Shaun E. Finn est un avocat du service montréalais du litige de BCF et coresponsable de l'équipe stratégique en défense d’actions collectives du cabinet. Sa pratique comprend des dossiers complexes en litige commercial et en actions collectives.

Après avoir été stagiaire et auxiliaire juridique à la Cour d’appel du Québec, en 2004, Me Finn a plaidé au Tribunal administratif du Québec, à la Cour municipale, au Tribunal canadien du commerce extérieur, à la Cour supérieure du Québec, à la Cour d’appel du Québec, et à la Cour d’appel fédérale.

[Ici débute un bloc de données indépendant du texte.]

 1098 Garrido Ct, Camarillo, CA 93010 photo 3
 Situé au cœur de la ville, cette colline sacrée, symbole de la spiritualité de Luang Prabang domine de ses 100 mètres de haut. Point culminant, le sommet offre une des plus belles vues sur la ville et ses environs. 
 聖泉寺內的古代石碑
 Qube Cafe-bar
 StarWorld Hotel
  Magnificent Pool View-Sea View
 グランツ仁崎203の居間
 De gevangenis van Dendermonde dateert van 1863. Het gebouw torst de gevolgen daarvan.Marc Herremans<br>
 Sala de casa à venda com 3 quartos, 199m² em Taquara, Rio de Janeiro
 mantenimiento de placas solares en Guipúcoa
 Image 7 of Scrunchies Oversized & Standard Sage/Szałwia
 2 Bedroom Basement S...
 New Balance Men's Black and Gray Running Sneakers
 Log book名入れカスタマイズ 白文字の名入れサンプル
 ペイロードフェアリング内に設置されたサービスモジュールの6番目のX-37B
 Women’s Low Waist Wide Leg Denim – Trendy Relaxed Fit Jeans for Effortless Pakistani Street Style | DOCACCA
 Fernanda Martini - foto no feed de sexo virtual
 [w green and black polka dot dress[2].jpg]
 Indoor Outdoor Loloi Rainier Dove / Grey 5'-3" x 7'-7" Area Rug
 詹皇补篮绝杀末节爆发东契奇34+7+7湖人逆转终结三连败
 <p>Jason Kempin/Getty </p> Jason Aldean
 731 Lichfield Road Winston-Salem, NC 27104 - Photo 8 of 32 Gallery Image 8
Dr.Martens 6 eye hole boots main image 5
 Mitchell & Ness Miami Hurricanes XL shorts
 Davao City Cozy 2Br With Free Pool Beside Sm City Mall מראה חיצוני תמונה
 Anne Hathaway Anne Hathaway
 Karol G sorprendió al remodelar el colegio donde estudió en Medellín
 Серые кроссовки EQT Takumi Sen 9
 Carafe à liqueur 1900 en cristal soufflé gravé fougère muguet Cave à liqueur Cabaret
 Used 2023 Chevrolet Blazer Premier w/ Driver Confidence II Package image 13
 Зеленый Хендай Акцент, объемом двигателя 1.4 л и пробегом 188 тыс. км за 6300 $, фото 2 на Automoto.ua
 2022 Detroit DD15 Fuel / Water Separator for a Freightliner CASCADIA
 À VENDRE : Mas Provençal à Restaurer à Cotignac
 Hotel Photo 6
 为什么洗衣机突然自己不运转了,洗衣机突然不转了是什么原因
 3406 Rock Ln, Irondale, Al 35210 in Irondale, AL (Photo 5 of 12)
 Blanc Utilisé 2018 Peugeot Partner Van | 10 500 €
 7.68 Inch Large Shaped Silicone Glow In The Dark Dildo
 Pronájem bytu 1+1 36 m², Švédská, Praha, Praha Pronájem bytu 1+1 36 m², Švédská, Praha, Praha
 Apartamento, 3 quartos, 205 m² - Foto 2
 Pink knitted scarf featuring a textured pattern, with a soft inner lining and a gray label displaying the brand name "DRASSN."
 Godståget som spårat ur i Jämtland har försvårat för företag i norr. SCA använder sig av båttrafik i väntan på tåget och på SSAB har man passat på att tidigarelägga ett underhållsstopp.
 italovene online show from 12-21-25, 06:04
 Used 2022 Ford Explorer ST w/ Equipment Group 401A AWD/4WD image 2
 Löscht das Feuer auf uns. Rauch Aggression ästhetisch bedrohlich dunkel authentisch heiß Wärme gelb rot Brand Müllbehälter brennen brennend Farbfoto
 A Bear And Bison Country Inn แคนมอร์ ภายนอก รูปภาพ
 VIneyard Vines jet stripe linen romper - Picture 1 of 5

Dans le cadre de son travail en actions collectives, Me Finn a représenté des sociétés et institutions défenderesses dans les secteurs de la responsabilité de produits, des sinistres collectifs, de la protection des consommateurs, du respect de la vie privée et des valeurs mobilières. Il a été cité par divers tribunaux, dont la Cour supérieure du Québec, la Cour d’appel de la Nouvelle-Écosse, la Cour d’appel du Québec et la Cour suprême du Canada. Il a également été interviewé par Law Times, Investment Executive et par National pour faire valoir son point de vue sur les tendances nationales en matière d’actions collectives.

Me Finn a écrit deux ouvrages portant sur le recours collectif :

Recours singulier et collectif : Redéfinir le recours collectif comme procédure particulière
(Montréal : Yvon Blais, 2011)

Class Actions in Quebec: Notes for Non-residents
(Montréal : Carswell, 2014)

Il prépare actuellement une deuxième édition de Recours singulier et collectif, dont la publication est prévue au printemps de 2016.

Me Finn est auteur collaborateur de Defending Class Actions in Canada (2e, 3e et 4e éd.) et a publié plusieurs articles juridiques dans la Revue du Barreau canadien, le Revue canadienne des recours collectifs, la Revue générale de droit, Développements récents, Class Action Defence Quarterly, La référence et le blogue juridique des Éditions Yvon Blais (une société Thomson Reuters).

Me Finn enseigne également en matière d’actions collectives à la Faculté de droit de l’Université McGill à titre de chargé de cours.

Me Finn est titulaire d’un B.C.L. et d’un LL.B. de l’Université McGill, ainsi que d’un LL.M de l’Université Laval. Avant ses études en droit, il a obtenu un B.A en Société et culture occidentales au Liberal Arts College de l’Université Concordia, et a terminé des études de cycle supérieur en journalisme (Dip. Journ.) et en littérature anglaise (M.A.).